Simulation/verification

To run the test cases, you need to do the following:

  • Initialize/update the three submodules: the snappy library, the snzip CLI tool, and vhlib.
  • Run make in tests/tools. This configures and compiles Snappy and snzip in a local directory (no root required). If this fails for whatever reason, try to get the snzip and snunzip executables elsewhere, and symlink them in tests/tools/bin (you might need to make this directory).
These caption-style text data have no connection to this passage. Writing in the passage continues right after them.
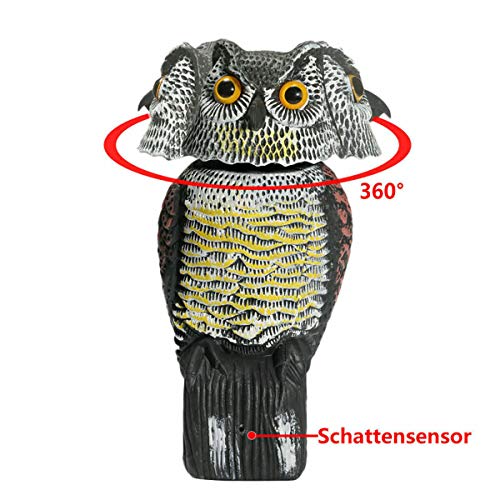Owl Decoys Model to Scare Birds Away Realistic Eyes & Waterproof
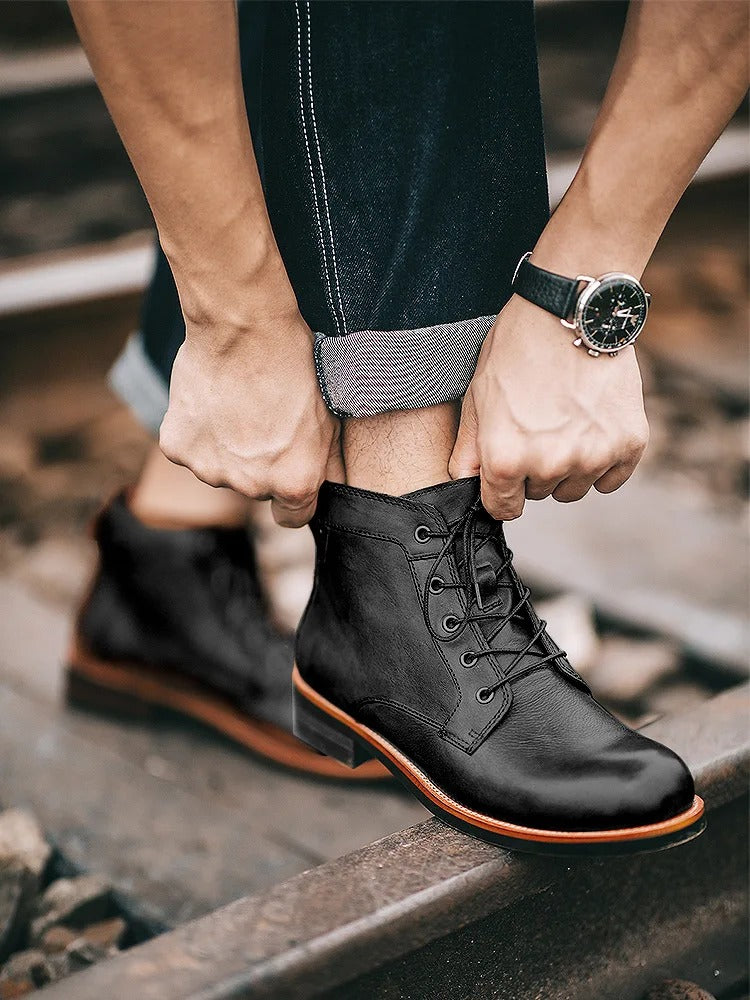 Damien | Bottines à Lacets en Cuir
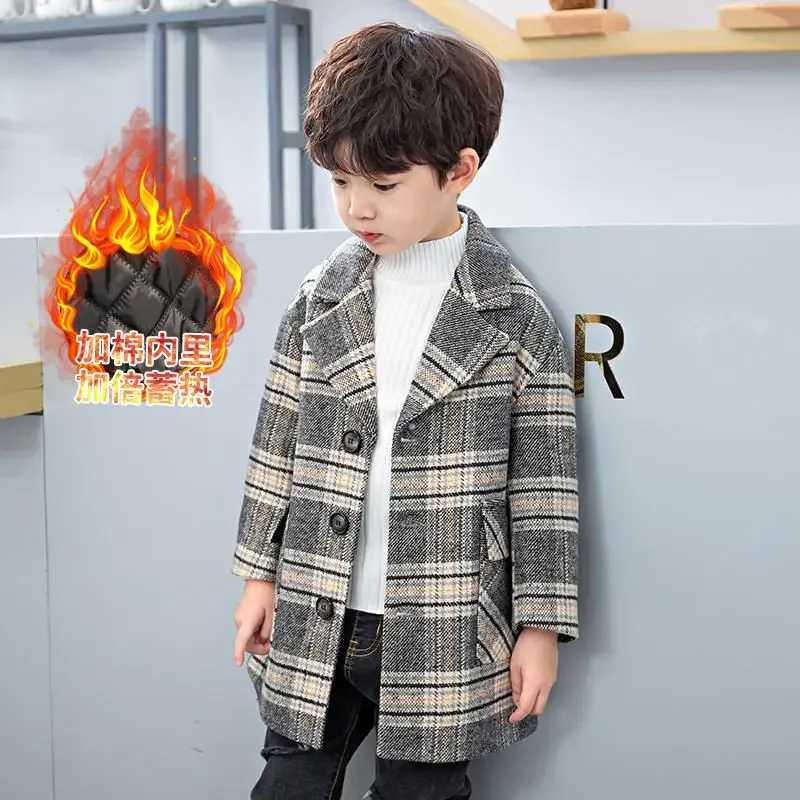 Boys coarse woolen coat foreign chiffon coat 2022 autumn and winter new mini set childrens baby clothing W241023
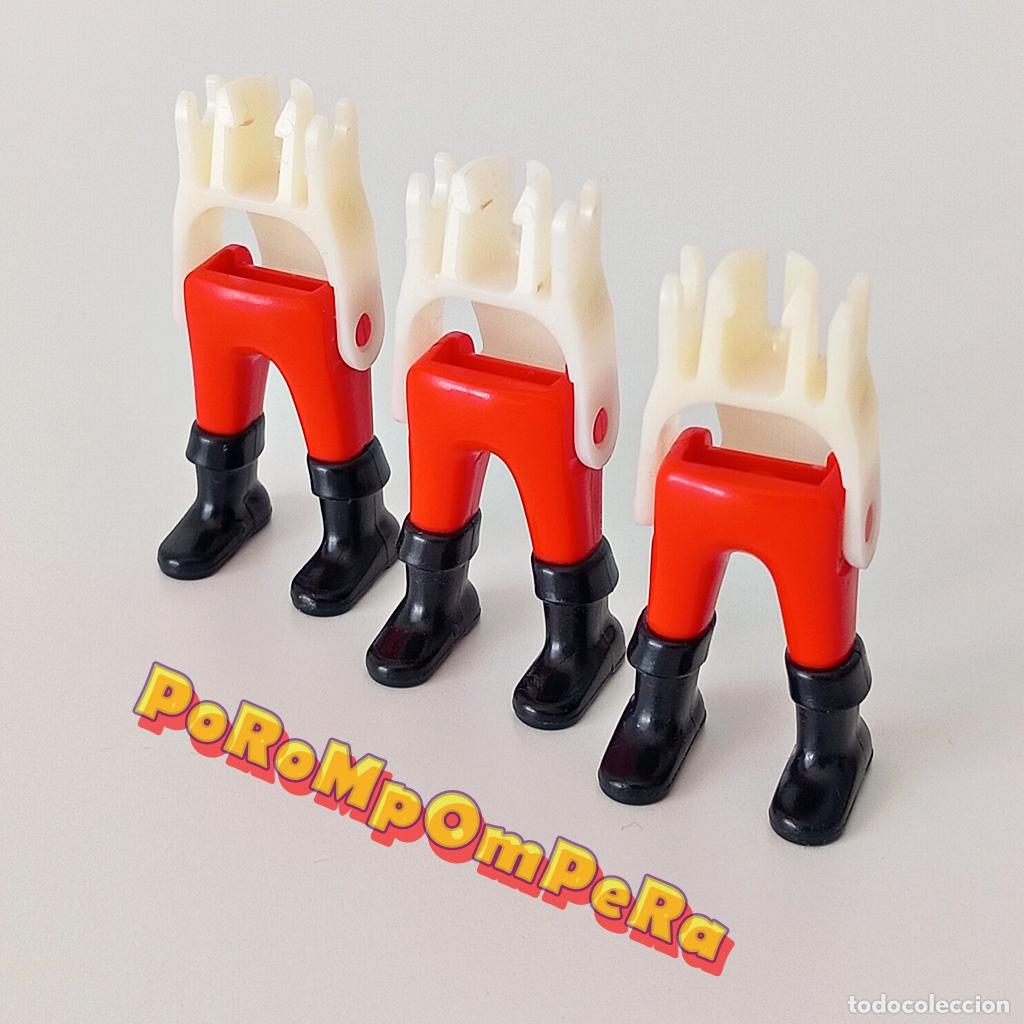 Playmobil: PLAYMOBIL lote x3 pierna roja bota alta negra + esqueleto CUSTOM/COMPLETAR medieval O7
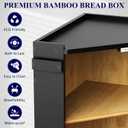 Corner Bread Box for Kitchen Countertop, Bamboo Wood Black Breadbox with Large Capacity Double Layer, Bread Box for Homemade Bread, Easy Assembly and Versatile Kitchen Bread Storage (No clip included)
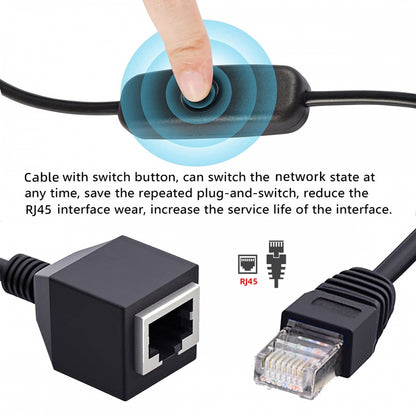 RJ45 CAT6 8P8C STP UTP Male to Female Extension Cable with 304 Singal Switch On/Off LAN Ethernet Network Patch Cord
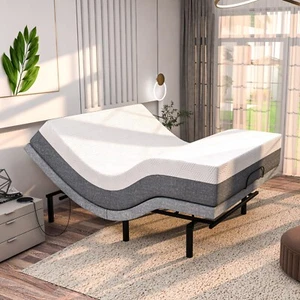 Electric Adjustable Bed Frame Dual Massage Wireless Remote with 14" Mattress USB - Picture 1 of 24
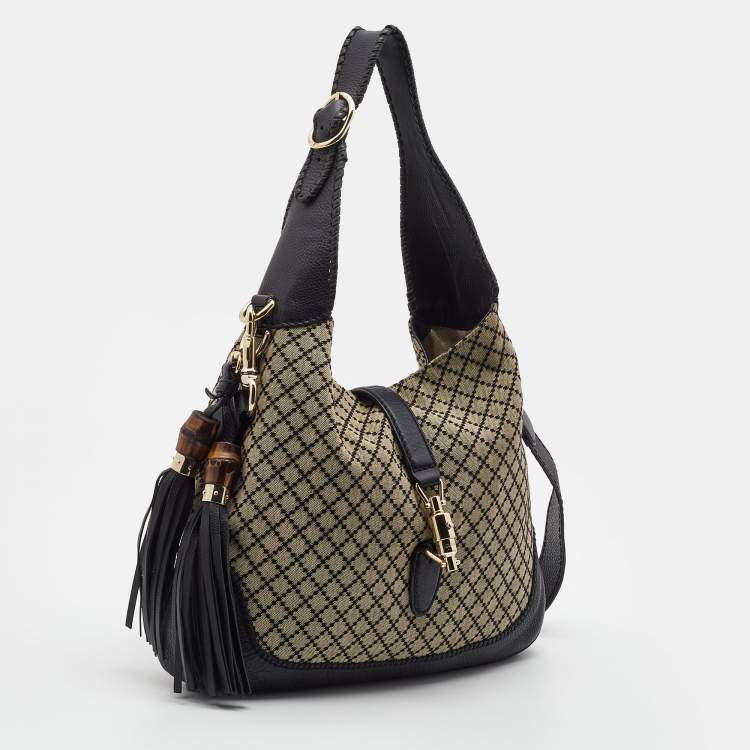 Pre Owned Gucci Black/Beige Diamante Canvas New Jackie Shoulder Bag 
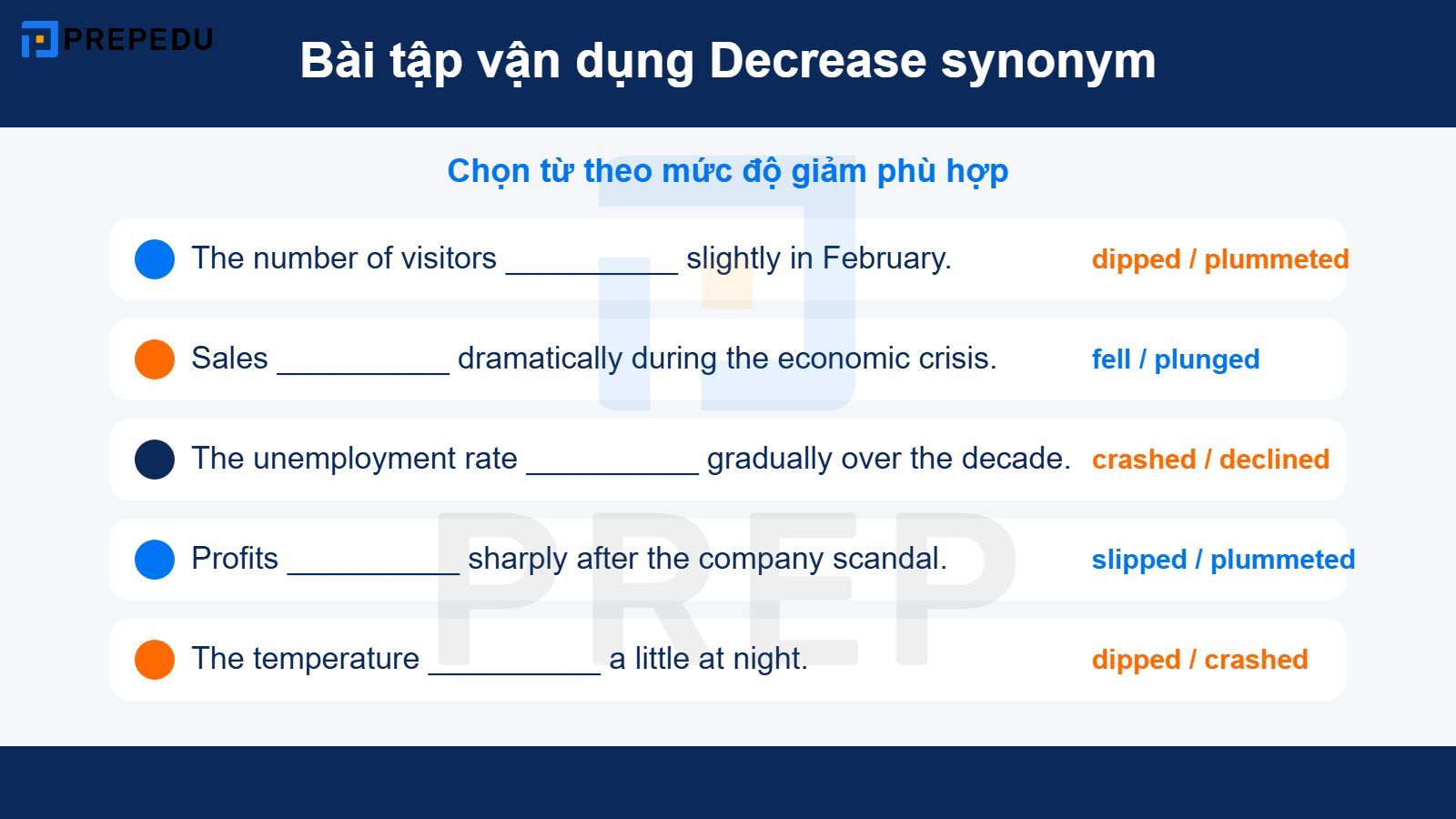 Bài tập vận dụng Decrease synonym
  • From the tests directory, run python3 test.py <some file>. The file you specify will be split into 64kiB blocks, compressed using snzip, and then decompressed using a Python model of the basic datapath. The result is verified for correctness, and the stream transfers that the Python model expects from the hardware are serialized to vhdl/*.tv.
  • Simulate the test cases in your preferred tool. The test cases look for the *.tv files in the current working directory, so make sure you copy them there if that's not the vhdl directory. The test cases are verified to work with GHDL and Modelsim/Questasim through vhdeps (in fact, the test.py script can run vhdeps for you automatically, but its command line is a bit arcane), and should also work with Vivado's built-in simulator.